Omit every picture. Return all other data as it stands.

> [GIVEN INFORMATION]:
§
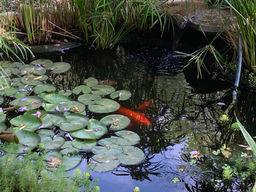 אל אשר תלכי אלך, עמך עמי ואלוהייך אלוהיי - קארמה בפעולה - טור לשבועות תשפ״ה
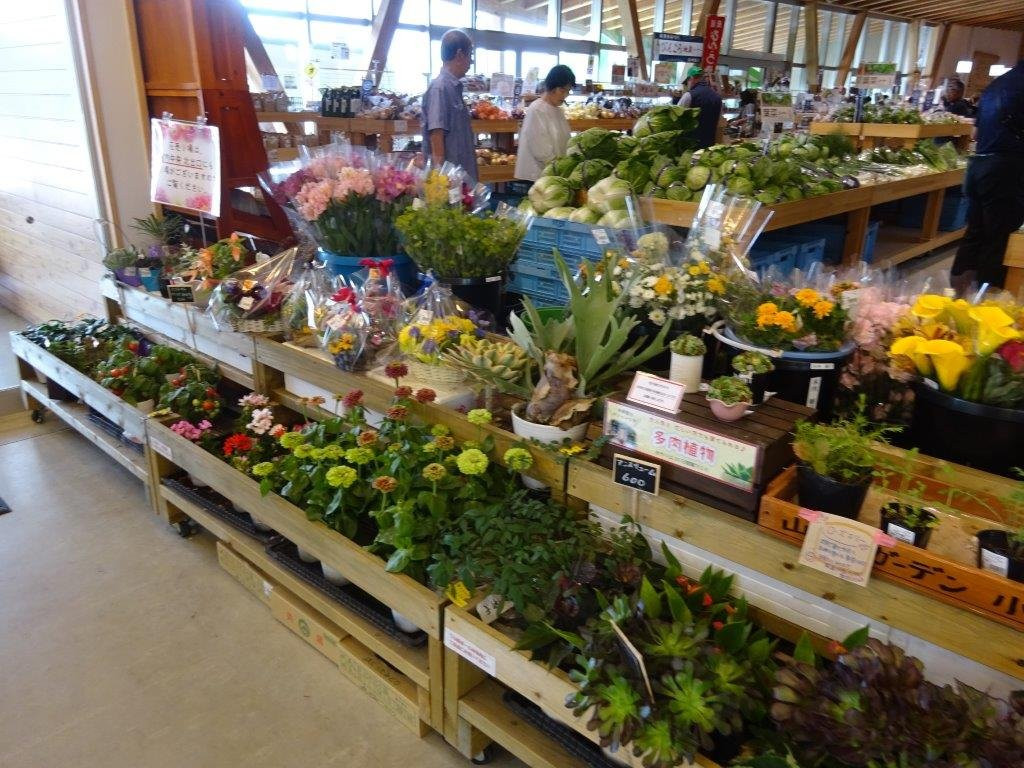 Michi-no-Eki Healthy Terrace Sakuminami-佐久市必去景点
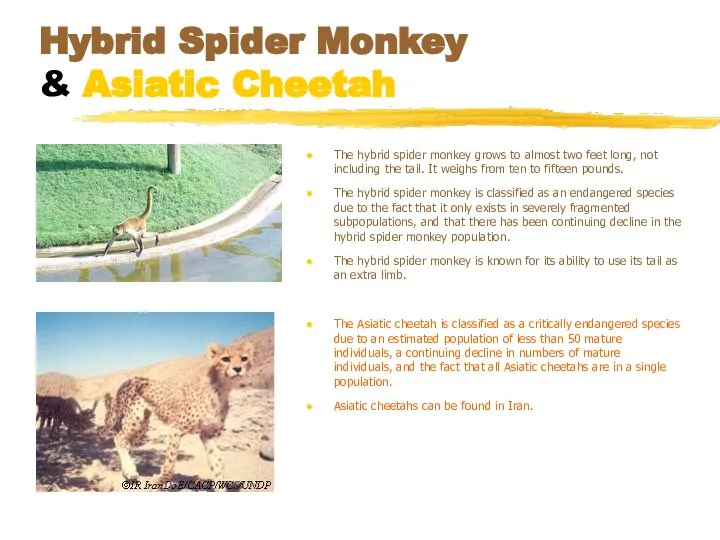 Hybrid Spider Monkey & Asiatic Cheetah The hybrid spider monkey grows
§
> [YOUR RESPONSE]:
 אל אשר תלכי אלך, עמך עמי ואלוהייך אלוהיי - קארמה בפעולה - טור לשבועות תשפ״ה
 Michi-no-Eki Healthy Terrace Sakuminami-佐久市必去景点
 Hybrid Spider Monkey & Asiatic Cheetah The hybrid spider monkey grows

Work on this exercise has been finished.